C’est fait. La présidence de la Confédération générale des entreprises du Maroc (CGEM) a dévoilé, jeudi lors d’un point de presse à Casablanca, les grandes lignes de son programme pour le prochain mandat 2023-2026. Ce plan arbore un slogan révélateur : «Libérer les énergies pour une croissance durable et inclusive». Dans un contexte national et international, marqué par de multiples perturbations et surtout d’incertitudes, le binôme Chakib Alj-Mehdi Tazi confirme sa détermination à poursuivre le combat avec le même degré d’engagement, de certitude et de pragmatisme de la mandature précédente. Le programme sera ainsi soumis à l’assemblée générale élective prévue le 16 mai.
Concrètement, le plan, présenté par le binôme tenant les rênes de la désormais Maroc Entreprises, est bâti autour de 4 principaux axes : améliorer le climat des affaires, libérer et développer le capital humain, œuvrer à l’inclusion économique, sociale et territoriale et préparer l’économie de demain.
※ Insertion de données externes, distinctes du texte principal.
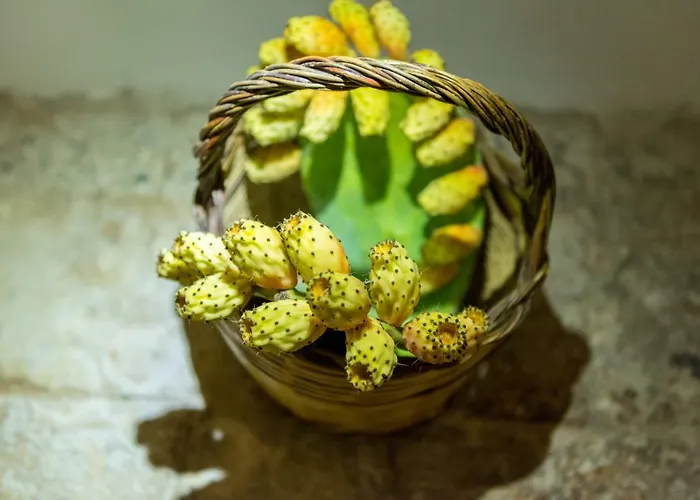 Masseria Santo Stefano Relais&charming House 招待所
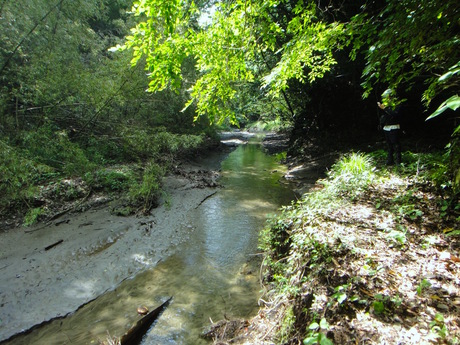 a0044456_034346.jpg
En attendant leur élection pour un second mandat à la tête de la CGEM, Chakib Alj et Mehdi Tazi ne baisse pas le rythme. «Nous travaillons depuis le mois de mars dernier sur notre contribution au projet de Budget 2024, avec le concours de toutes les fédérations, la commission fiscalité et douanes et le groupe CGEM à la Chambre des Conseillers», assure Alj. L’objectif, selon lui, est d’ériger la fiscalité comme un levier de promotion de l’investissement, ainsi que d’instaurer une relation de confiance entre l’administration fiscale et l’entreprise. Le binôme dit se féliciter des avancées liées à la loi sur les délais de paiement et au nouveau décret relatif aux marchés publics qui contribuera à favoriser la préférence nationale et l’intégration locale et à faciliter l’accès aux TPME à la commande de l’État. «Nous suivons de près l’application et la mise en œuvre de ce décret», insiste le patron des patrons.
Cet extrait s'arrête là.